Your task. Each of the entries below is to be written out exactly, and the images skipped.

Entries provided.
------------------------------------------------
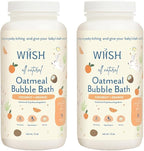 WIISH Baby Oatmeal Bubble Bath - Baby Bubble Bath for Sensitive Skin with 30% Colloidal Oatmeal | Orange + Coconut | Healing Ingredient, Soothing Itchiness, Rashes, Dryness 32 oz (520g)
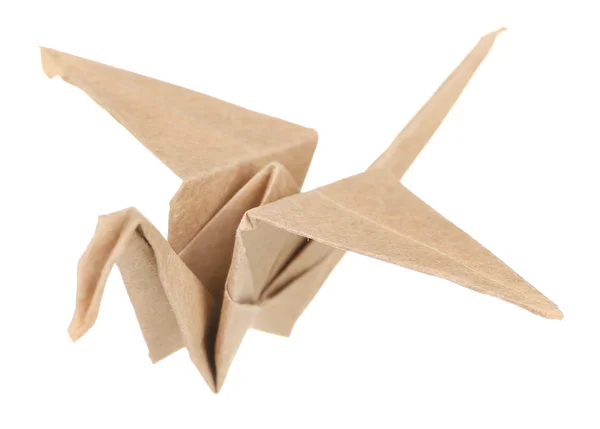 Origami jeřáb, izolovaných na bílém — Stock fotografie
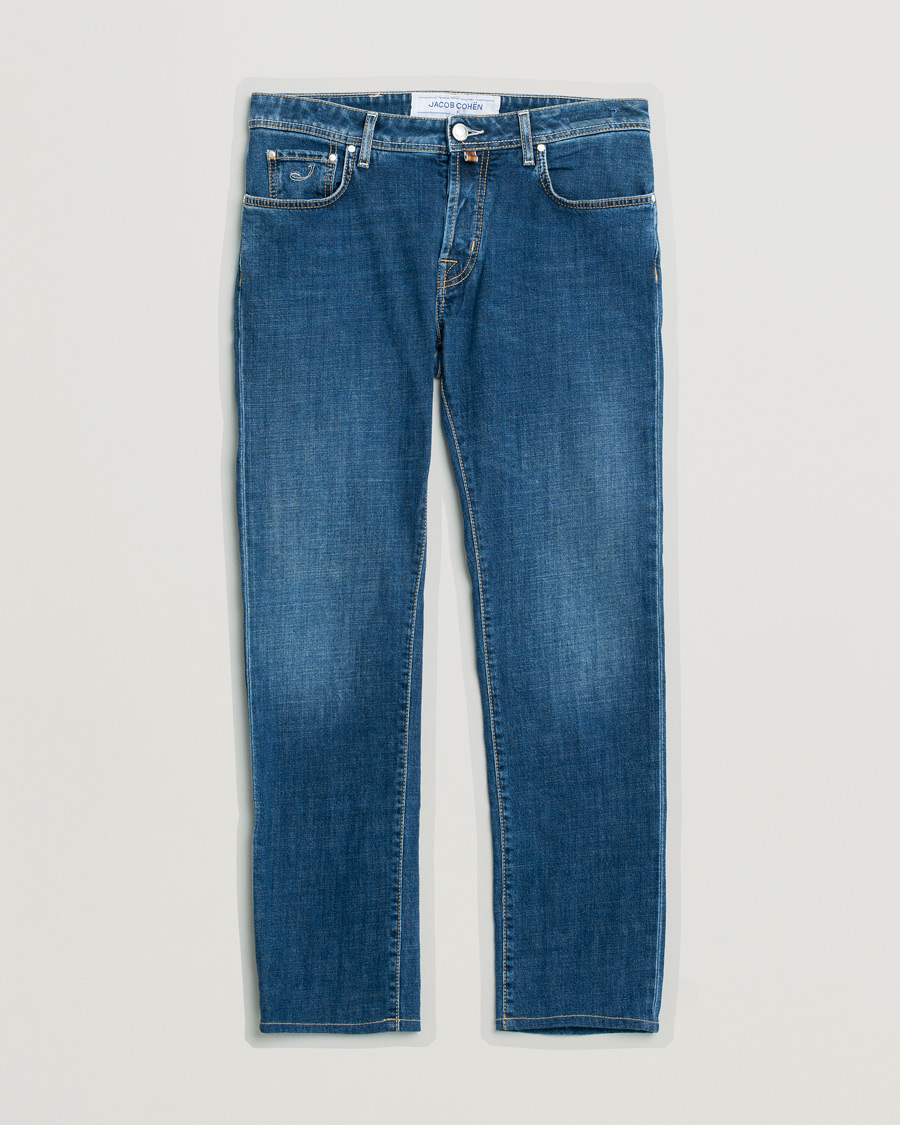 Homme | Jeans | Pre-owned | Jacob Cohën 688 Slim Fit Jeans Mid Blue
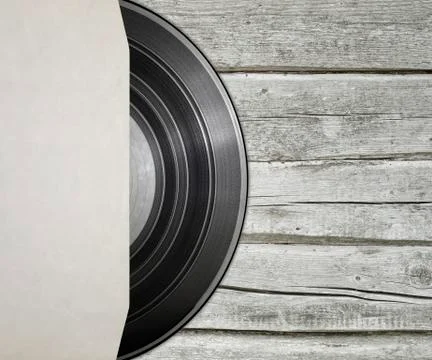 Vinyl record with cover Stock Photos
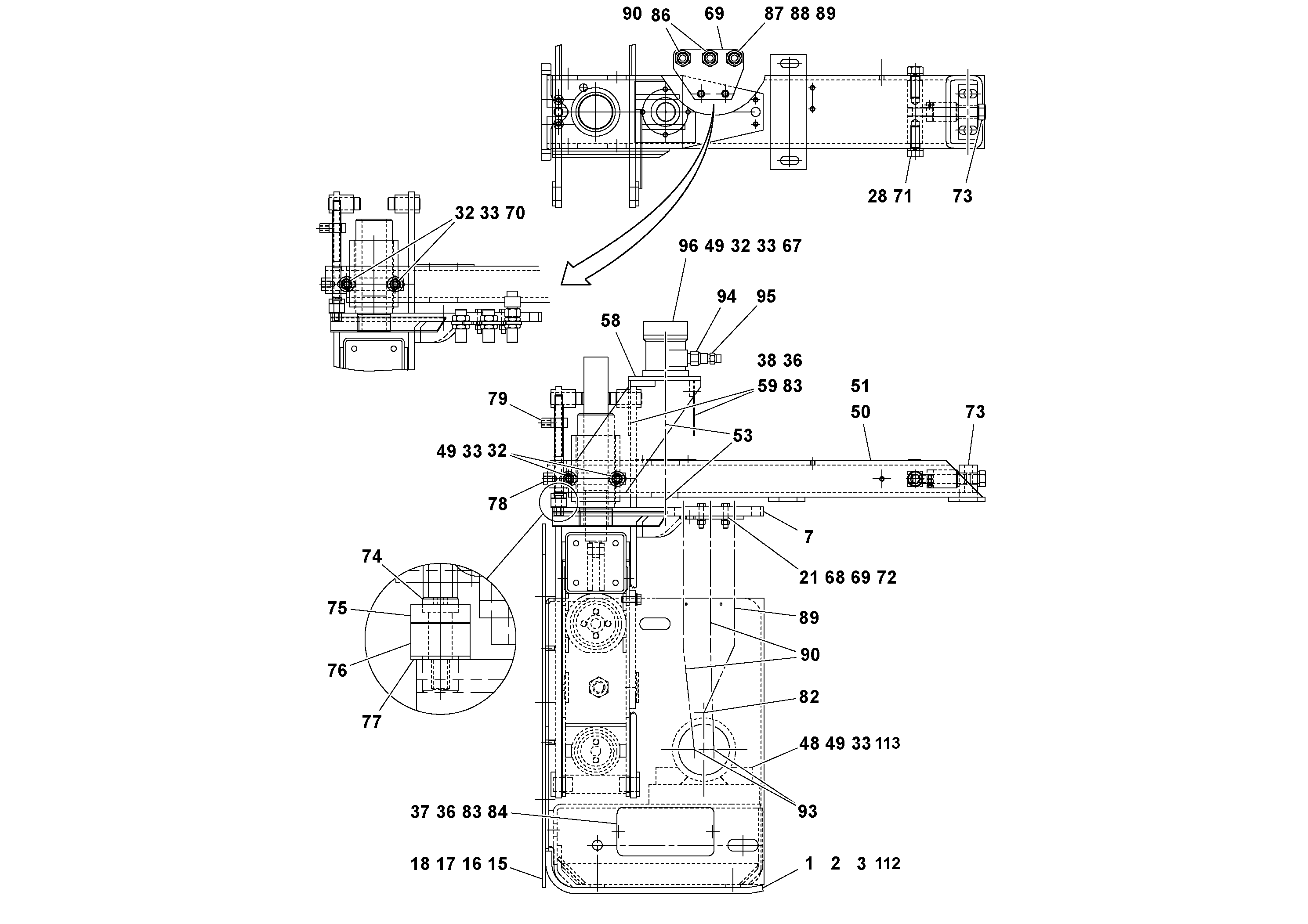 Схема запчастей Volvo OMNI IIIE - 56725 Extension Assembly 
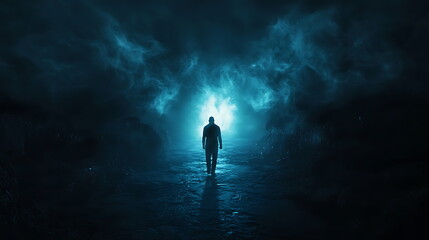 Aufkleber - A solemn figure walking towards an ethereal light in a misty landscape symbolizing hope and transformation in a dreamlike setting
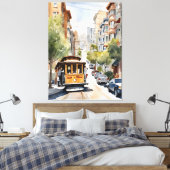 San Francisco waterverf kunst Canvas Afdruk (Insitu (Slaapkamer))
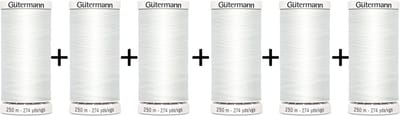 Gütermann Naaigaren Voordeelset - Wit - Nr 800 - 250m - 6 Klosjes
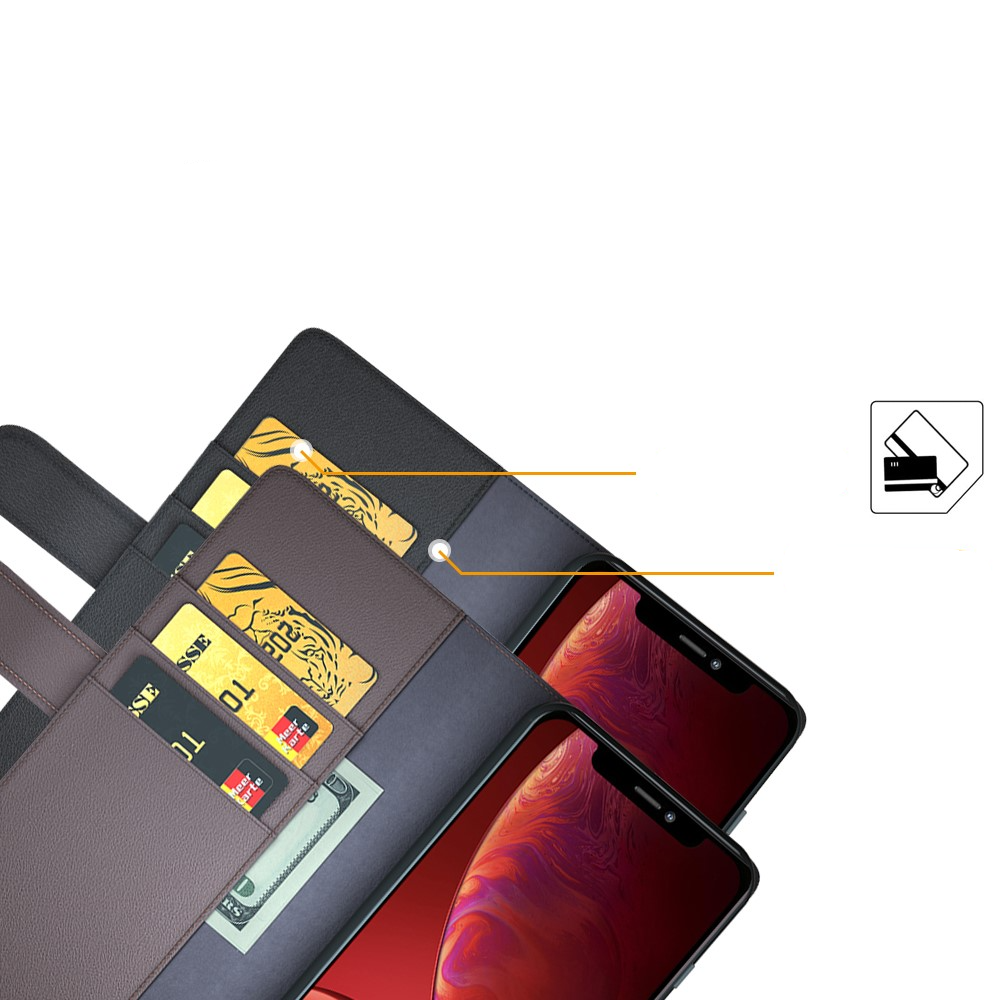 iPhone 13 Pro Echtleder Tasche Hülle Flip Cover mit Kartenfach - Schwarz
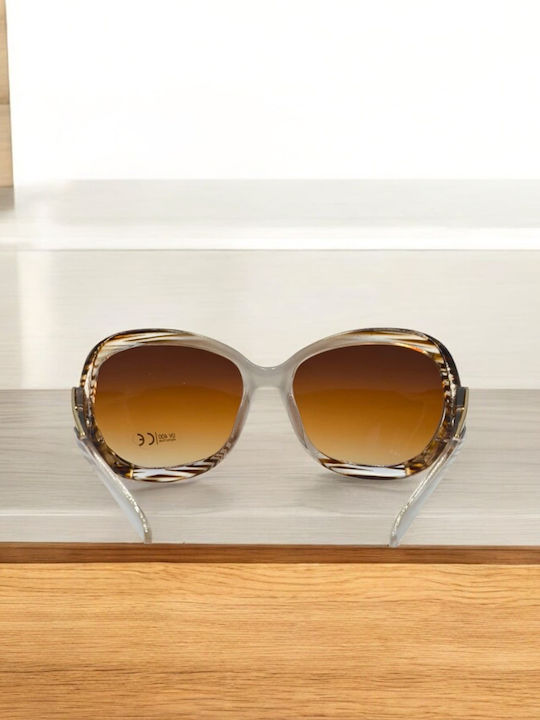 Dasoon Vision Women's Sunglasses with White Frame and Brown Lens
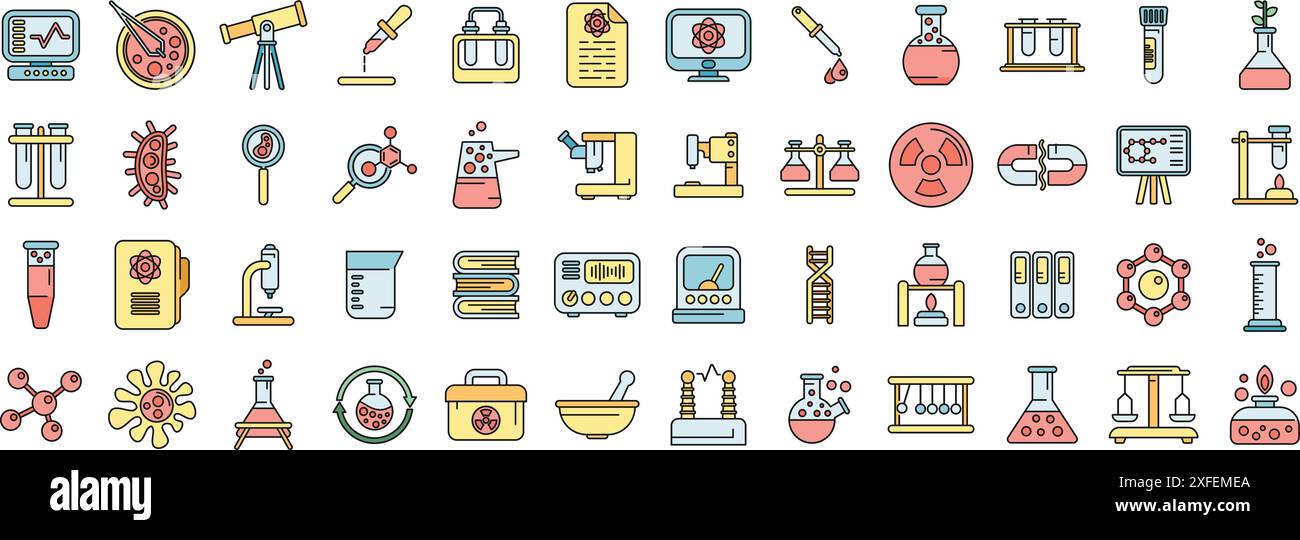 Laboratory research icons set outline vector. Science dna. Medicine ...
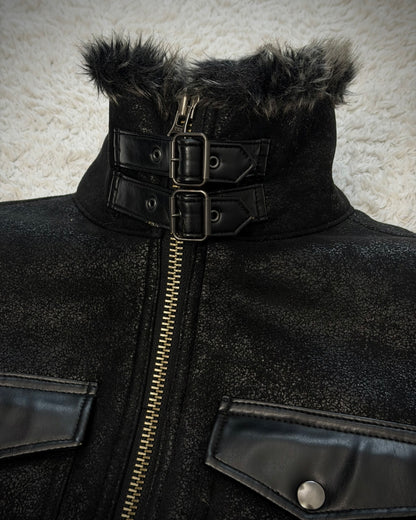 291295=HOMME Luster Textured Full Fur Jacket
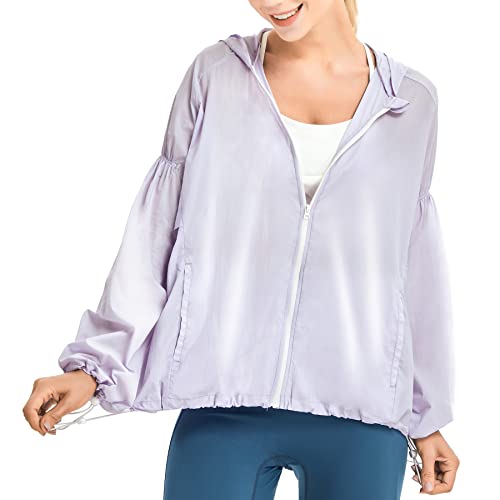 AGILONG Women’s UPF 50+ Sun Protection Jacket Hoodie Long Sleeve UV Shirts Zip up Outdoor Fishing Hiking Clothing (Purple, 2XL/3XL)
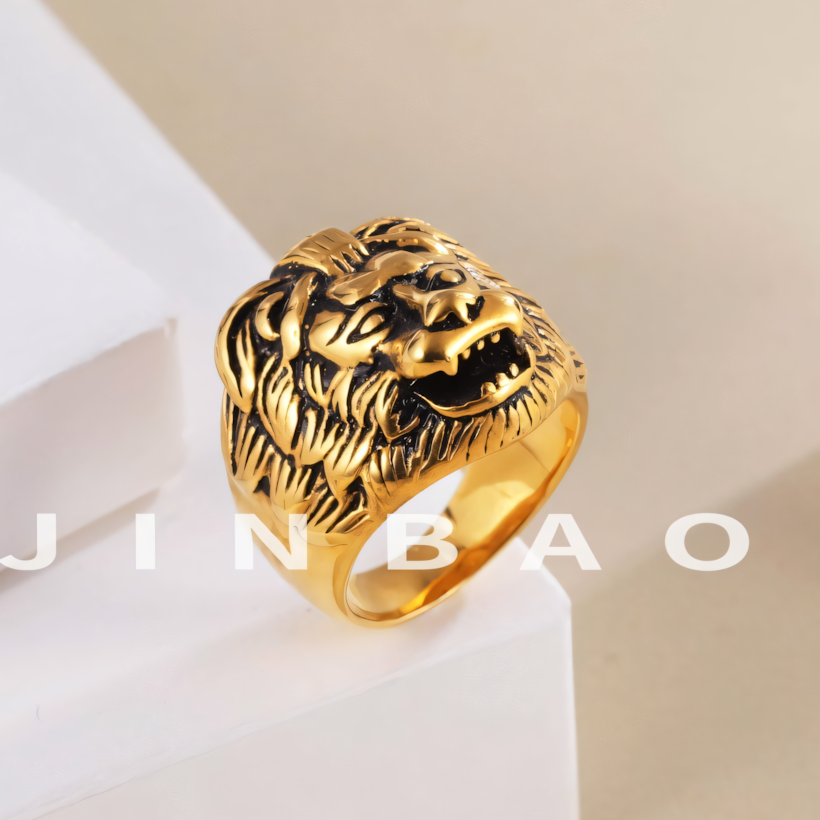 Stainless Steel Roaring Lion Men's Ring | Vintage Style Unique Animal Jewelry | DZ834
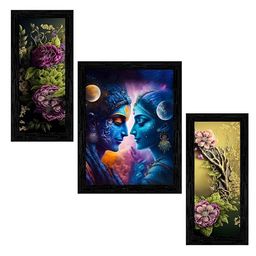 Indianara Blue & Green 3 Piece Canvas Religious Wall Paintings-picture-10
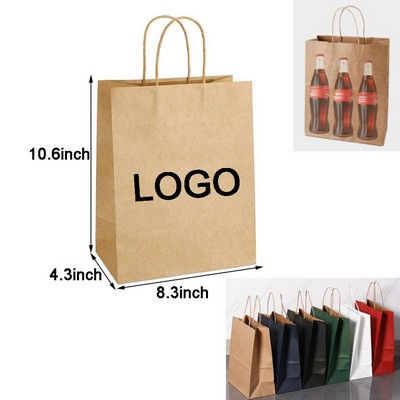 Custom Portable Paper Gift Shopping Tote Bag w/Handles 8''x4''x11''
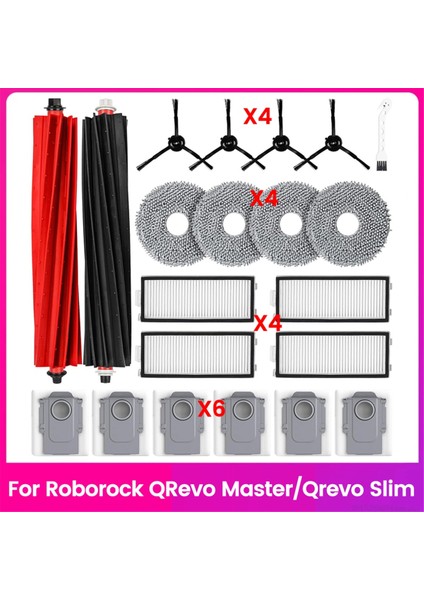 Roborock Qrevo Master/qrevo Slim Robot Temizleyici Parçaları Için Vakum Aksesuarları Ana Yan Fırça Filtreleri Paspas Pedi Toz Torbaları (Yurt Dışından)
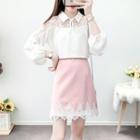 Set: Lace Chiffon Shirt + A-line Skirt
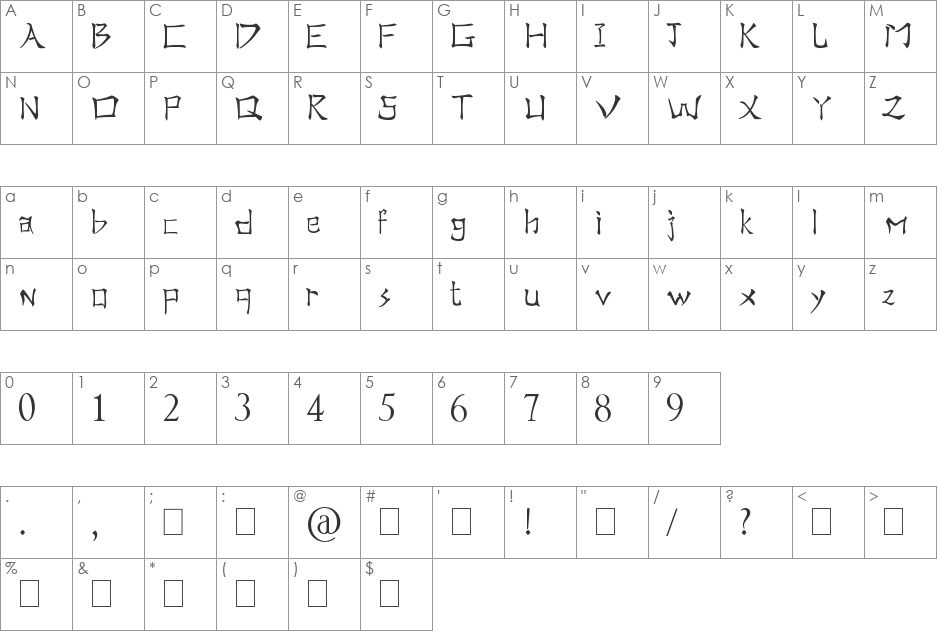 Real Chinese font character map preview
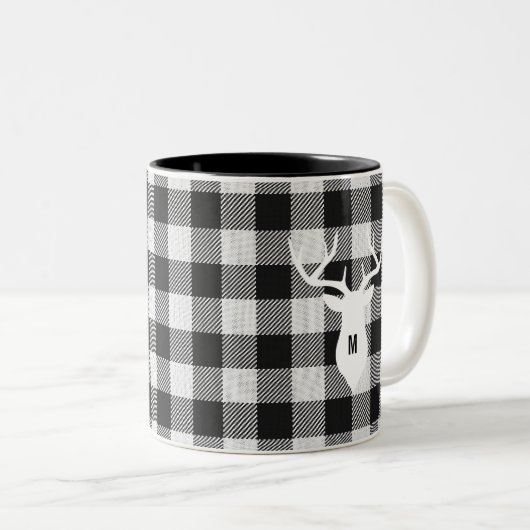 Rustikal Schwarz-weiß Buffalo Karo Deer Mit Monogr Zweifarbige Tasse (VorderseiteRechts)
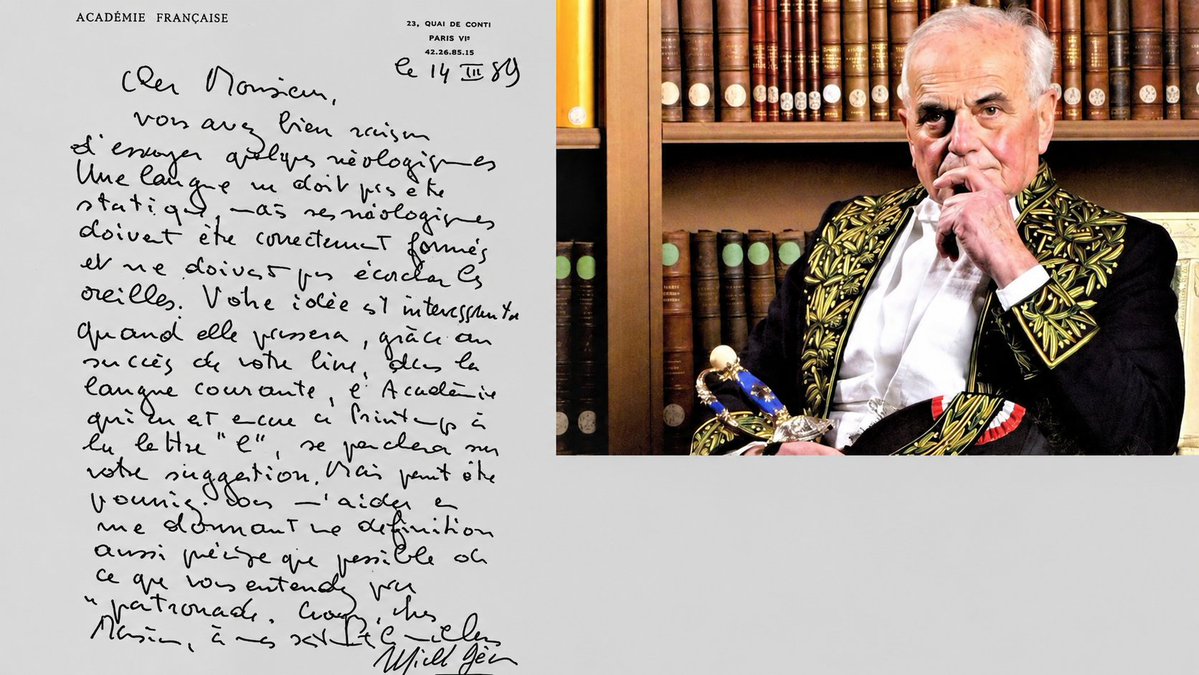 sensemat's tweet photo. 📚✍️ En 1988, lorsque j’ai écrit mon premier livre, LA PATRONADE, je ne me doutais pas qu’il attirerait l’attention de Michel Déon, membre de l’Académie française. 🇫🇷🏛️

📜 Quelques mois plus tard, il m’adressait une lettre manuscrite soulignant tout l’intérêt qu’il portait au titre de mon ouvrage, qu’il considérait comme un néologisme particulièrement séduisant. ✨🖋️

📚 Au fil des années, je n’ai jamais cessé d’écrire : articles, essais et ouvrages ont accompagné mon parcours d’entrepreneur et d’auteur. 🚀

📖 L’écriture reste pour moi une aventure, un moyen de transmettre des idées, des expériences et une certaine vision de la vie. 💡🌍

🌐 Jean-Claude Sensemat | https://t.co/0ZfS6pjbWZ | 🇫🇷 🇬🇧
------------------------------------------------
Result of the task.
 WIISH Baby Oatmeal Bubble Bath - Baby Bubble Bath for Sensitive Skin with 30% Colloidal Oatmeal | Orange + Coconut | Healing Ingredient, Soothing Itchiness, Rashes, Dryness 32 oz (520g)
 Origami jeřáb, izolovaných na bílém — Stock fotografie
 Homme | Jeans | Pre-owned | Jacob Cohën 688 Slim Fit Jeans Mid Blue
 Vinyl record with cover Stock Photos
 Схема запчастей Volvo OMNI IIIE - 56725 Extension Assembly 
 Aufkleber - A solemn figure walking towards an ethereal light in a misty landscape symbolizing hope and transformation in a dreamlike setting
 San Francisco waterverf kunst Canvas Afdruk (Insitu (Slaapkamer))
 Gütermann Naaigaren Voordeelset - Wit - Nr 800 - 250m - 6 Klosjes
 iPhone 13 Pro Echtleder Tasche Hülle Flip Cover mit Kartenfach - Schwarz
 Dasoon Vision Women's Sunglasses with White Frame and Brown Lens
 Laboratory research icons set outline vector. Science dna. Medicine ...
 291295=HOMME Luster Textured Full Fur Jacket
 AGILONG Women’s UPF 50+ Sun Protection Jacket Hoodie Long Sleeve UV Shirts Zip up Outdoor Fishing Hiking Clothing (Purple, 2XL/3XL)
 Stainless Steel Roaring Lion Men's Ring | Vintage Style Unique Animal Jewelry | DZ834
 Indianara Blue & Green 3 Piece Canvas Religious Wall Paintings-picture-10
 Custom Portable Paper Gift Shopping Tote Bag w/Handles 8''x4''x11''
 Roborock Qrevo Master/qrevo Slim Robot Temizleyici Parçaları Için Vakum Aksesuarları Ana Yan Fırça Filtreleri Paspas Pedi Toz Torbaları (Yurt Dışından)
 Set: Lace Chiffon Shirt + A-line Skirt
 Real Chinese font character map preview
 Rustikal Schwarz-weiß Buffalo Karo Deer Mit Monogr Zweifarbige Tasse (VorderseiteRechts)
 sensemat's tweet photo. 📚✍️ En 1988, lorsque j’ai écrit mon premier livre, LA PATRONADE, je ne me doutais pas qu’il attirerait l’attention de Michel Déon, membre de l’Académie française. 🇫🇷🏛️

📜 Quelques mois plus tard, il m’adressait une lettre manuscrite soulignant tout l’intérêt qu’il portait au titre de mon ouvrage, qu’il considérait comme un néologisme particulièrement séduisant. ✨🖋️

📚 Au fil des années, je n’ai jamais cessé d’écrire : articles, essais et ouvrages ont accompagné mon parcours d’entrepreneur et d’auteur. 🚀

📖 L’écriture reste pour moi une aventure, un moyen de transmettre des idées, des expériences et une certaine vision de la vie. 💡🌍

🌐 Jean-Claude Sensemat | https://t.co/0ZfS6pjbWZ | 🇫🇷 🇬🇧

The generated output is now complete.